L’ EREDITARIETÀ DEI GRUPPI SANGUIGNI

I gruppi sanguigni AB0 si ereditano secondo le leggi di Mendel. Essi sono controllati da una coppia di geni indicati con la lettera I. Questo gene esiste in tre forme alternative dette alleli che si indicano con IA, IB e I0. Pertanto, i vari genotipi diploidi sono rappresentati dalle seguenti combinazioni: IA/IA, IB/IB, IA/IB, IA/I0, IB/I0, I0/I0.

I genotipi IA/IA, IB/IB e I0/I0 sono omozigoti, mentre quelli IA/IB, IA/I0 e IB/I0 sono eterozigoti. Inoltre, i genotipi IA/IA e IA/I0 non sono tra loro distinguibili con la tecnica della determinazione dei gruppi sanguigni; lo stesso vale per i gruppi IB/IB e IB/I0. Come si è visto in precedenza, solo quattro sono i fenotipi riconoscibili (A, B, AB, e 0), sebbene i genotipi siano sei.

In seguito a ricerche eseguite su centinaia di migliaia di soggetti nei più diversi Paesi del mondo sulla distribuzione dei gruppi sanguigni e la frequenza relativa degli stessi gli antropologi sono riusciti a stabilire l’origine, la mescolanza e le sovrapposizioni etniche delle popolazioni attuali.

Si è così scoperto che anche per i gruppi sanguigni (come d’altronde per altri caratteri) la frequenza dei diversi alleli (IA,IB e I0) varia nelle diverse popolazioni. Il gruppo B ad esempio è molto frequente nelle popolazioni asiatiche e in quelle dell’Europa orientale e raggiunge un massimo del 40% nell’Asia centrale. Lo stesso gruppo B è invece molto raro in occidente: ad esempio in Olanda e in Inghilterra è presente in meno del 10% della popolazione.
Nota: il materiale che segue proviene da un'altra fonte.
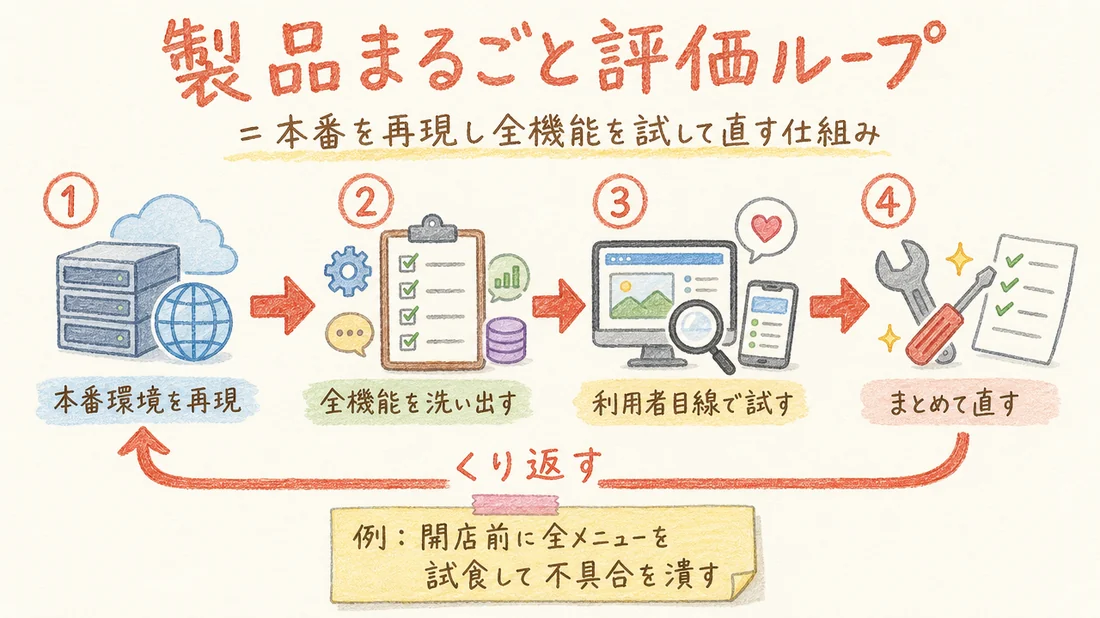 製品まるごと評価ループの図解(番号付き手順)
L’irregolare distribuzione dei gruppi sanguigni mostrerebbe i segni non ancora cancellati del tutto delle migrazioni avvenute in passato. Ad esempio, l’infiltrazione del gruppo B nell’Europa occidentale potrebbe essere un segno nascosto dell’invasione di popolazioni provenienti dall’Europa orientale e dal centro dell’Asia, come furono quelle degli Unni nel V secolo e dei Mongoli nel XIII secolo. Studi simili eseguiti nell’Estremo Oriente sembrano indicare un’infiltrazione relativamente recente del gene del gruppo A in Giappone, proveniente da sudovest, e del gene del gruppo B in Australia del nord, dove fino a poco tempo fa era del tutto assente. Questi studi hanno quindi stabilito che la differenziazione in più razze non consiste nella presenza di alcuni geni o nella loro assenza ma piuttosto nelle differenze delle frequenze degli stessi, cioè nell’insieme di più caratteri.
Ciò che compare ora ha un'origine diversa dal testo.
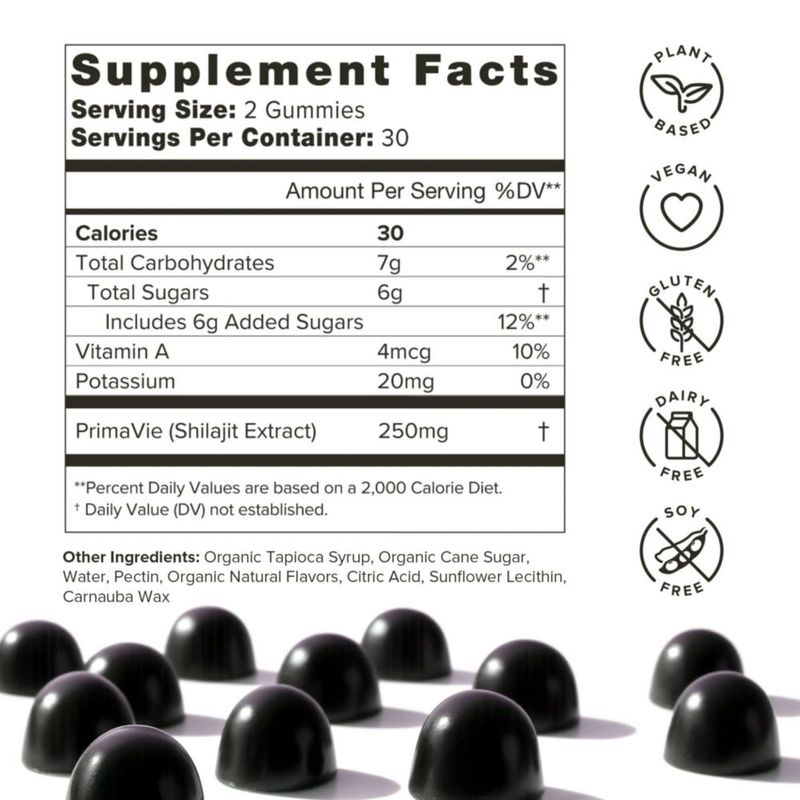 Suplemento Nutricional Organifi Gomitas de Shilajit 60 Unidades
Per quanto riguarda i gruppi sanguigni oggi sappiamo che gli antigeni dei globuli rossi sono numerosissimi così che l’individualità del sangue è tanto complessa che probabilmente non c’è una persona il cui sangue sia identico a quello di un’altra. Ciò dimostrerebbe fra l’altro che almeno per quanto riguarda gli uomini la razza pura non esiste.

Lo studio della frequenza dei geni in una popolazione è particolarmente importante quando si riferisce ad alcune malattie che hanno una base genetica come il diabete o l’anemia mediterranea. Si è notato ad esempio che le persone colpite da ulcera duodenale riguardano una percentuale di individui con sangue di “gruppo 0” maggiore di quella che ci si potrebbe aspettare, mentre gli individui con sangue di “gruppo A” si ammalano di cancro allo stomaco con una frequenza del 20% più alta di quella relativa agli altri tre gruppi sanguigni.